Автор книги: Анна Мистунина
Жанр: Боевое фэнтези, Фэнтези
Возрастные ограничения: +18
сообщить о неприемлемом содержимом
Текущая страница: 5 (всего у книги 20 страниц) [доступный отрывок для чтения: 7 страниц]
– Нет! – дружно перебили его Тагрия и жрец.
Переглянулись. Жрец поклонился, уступая ей слово.
– Я не оставлю Бетарана, – сказала она. – Он проснется неизвестно где, а рядом будет жрец? Нет уж!
– Совершенно верно, – подтвердил жрец. – К тому же его величество и его святость ждут моего отчета, принц, так же как и вашего. Вы знаете, что кое-кому лучше услышать все от меня. И обстоятельства…
– Я помню о них, – тихо сказал Карий. – И ты пойми, я не вправе снова ее бросить. В особенности из-за обстоятельств.
– У нас есть лошади, и Бетаран снова здоров, ведь правда? За нас можешь не бояться. Мы поедем потихоньку.
Карий, за ним жрец покачали головами.
– Ни в коем случае, – сказал принц. – Тагрия, маги всего в каких-нибудь тридцати милях отсюда, в лесу. Их очень много. Если попадетесь им на глаза… Ты понимаешь, что тогда будет.
Тагрия кивнула. Слишком часто в последнее время она вспоминала, чтобы не понять.
– Здесь, близко?
– Да, – сказал Карий. – Они что-то готовят, очень серьезное. Вся местность от Ферра до Салианы накрыта заклятием. Нашествие готово перерасти в открытую войну, чего не случалось ни разу с тех пор, как мы захватили Долину.
– Но… все говорят, что Нашествию конец, что их почти всех истребили!
– Кто так говорит, Тагрия?
– Ох, – она махнула рукой, – да. Все эти болтуны в замке. Теперь они разучились говорить, зато отлично умеют пускать слюни.
Карий понимающе кивнул:
– Верно.

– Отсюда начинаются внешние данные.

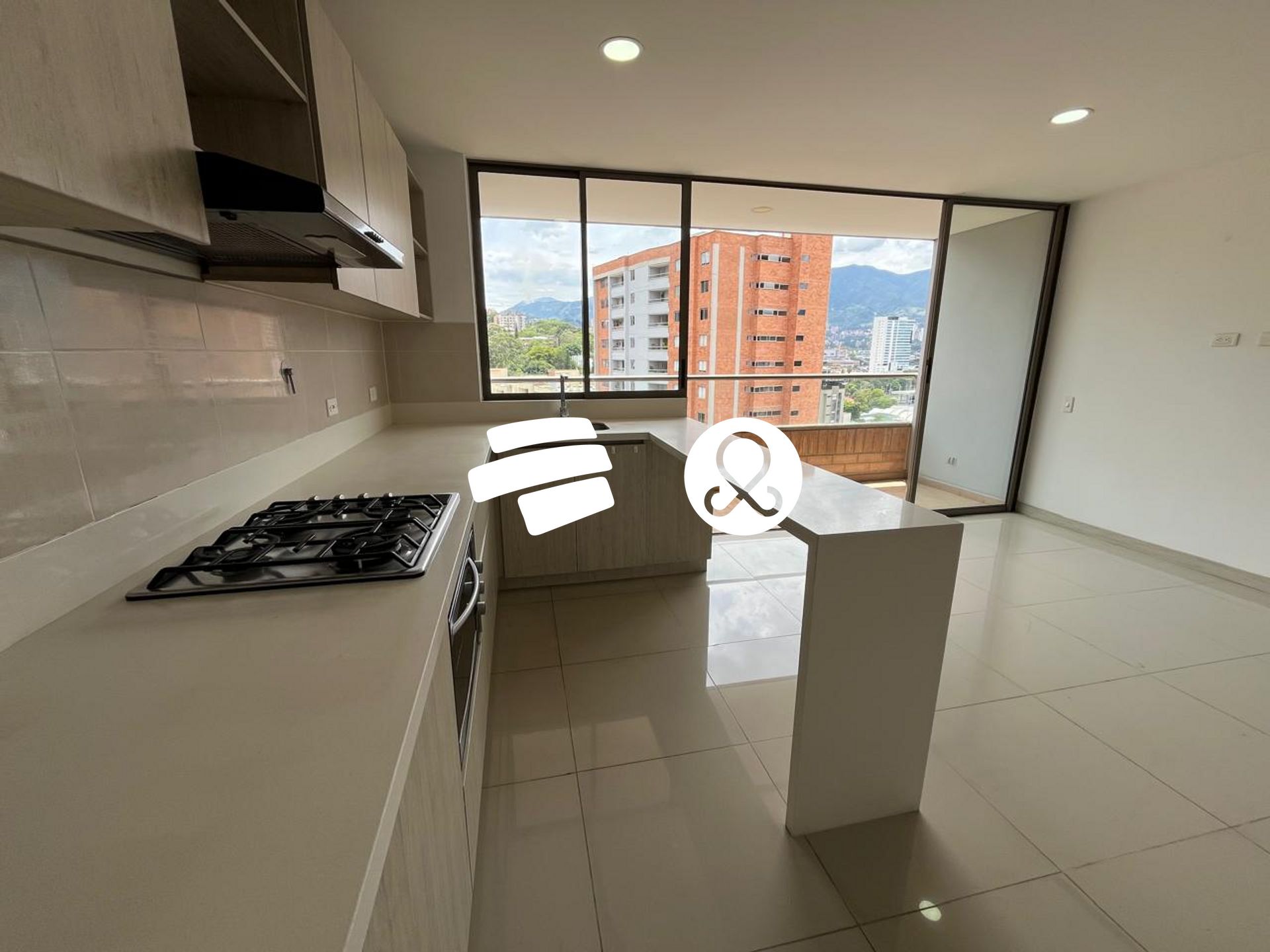 Apartamento en venta en Zona Centro, Envigado · foto 5 de 24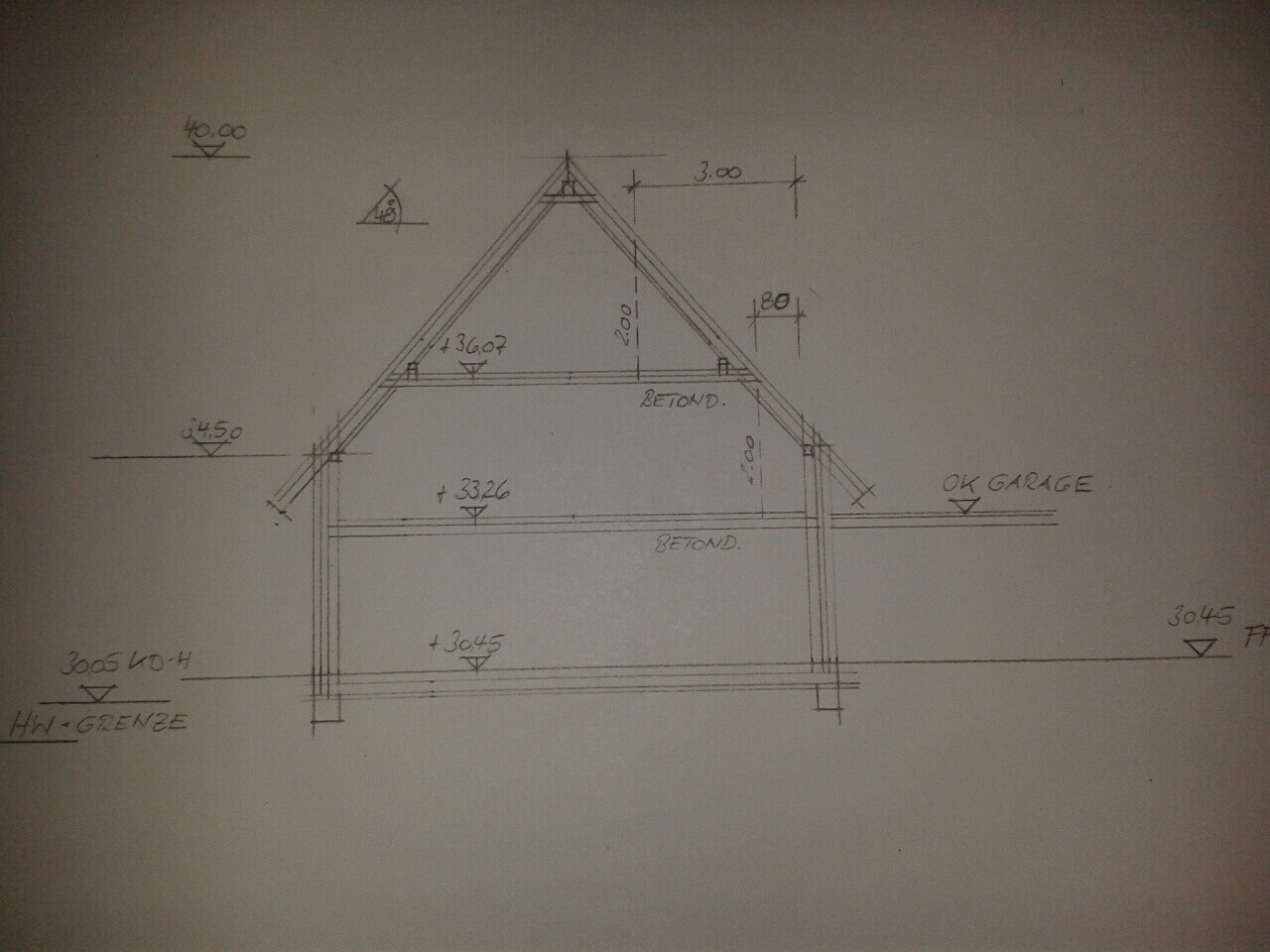 Handgezeichnete Haus-Rohbau-Dachskizze mit Grundrisslinien und Fundamenten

Магов не истребили, хотя их потери велики. Правда, не так велики, как наши, но и нас намного больше. Все эти годы мы балансируем, ни одна сторона не может одержать окончательной победы. Теперь они, видимо, нашли способ изменить положение дел в свою пользу. Об этом мы должны сообщить императору, и как можно скорей.
Он говорил с нею, как с равной, делился тревогой, и Тагрия таяла от радости пополам со страхом – ибо знала уже, что ответит принцу.
– И сообщишь. Обо мне не тревожься, правда. Все будет хорошо.
– С тобой не бывает все хорошо, – вздохнул Карий. – Ладно, ждите меня здесь. Я вернусь, как только смогу. Скоро. Лошадей мы поймаем, но, Тагрия, не вздумай пускаться в путь – разве что не останется иного выхода. Дождись меня, хорошо?
– Да.
– Обещай.
– Да обещаю, обещаю! Только поймай моих лошадей!
Ее прервало фырканье. Тагрия вздрогнула: она снова успела забыть про жреца. Обернулась. Жрец Атуан покраснел, надулся, пытаясь удержаться, не смог и брызнул сдавленным смехом. С быстрым «Простите меня, принц, госпожа», он выскочил за дверь.
– Лопнул, – сказала Тагрия. – С чего это он?
Карий весело улыбался.
– Не выдержал. Очень уж уверенно ты отдаешь приказы, малышка. Со мной так не говорит даже император.
– Ой… Прости!
– Не за что. Атуан просто не знает, что у тебя есть на это право.
И пока Тагрия соображала, когда это она обзавелась правом приказывать его высочеству и как бы ей получше этим воспользоваться, Карий вышел вслед за жрецом.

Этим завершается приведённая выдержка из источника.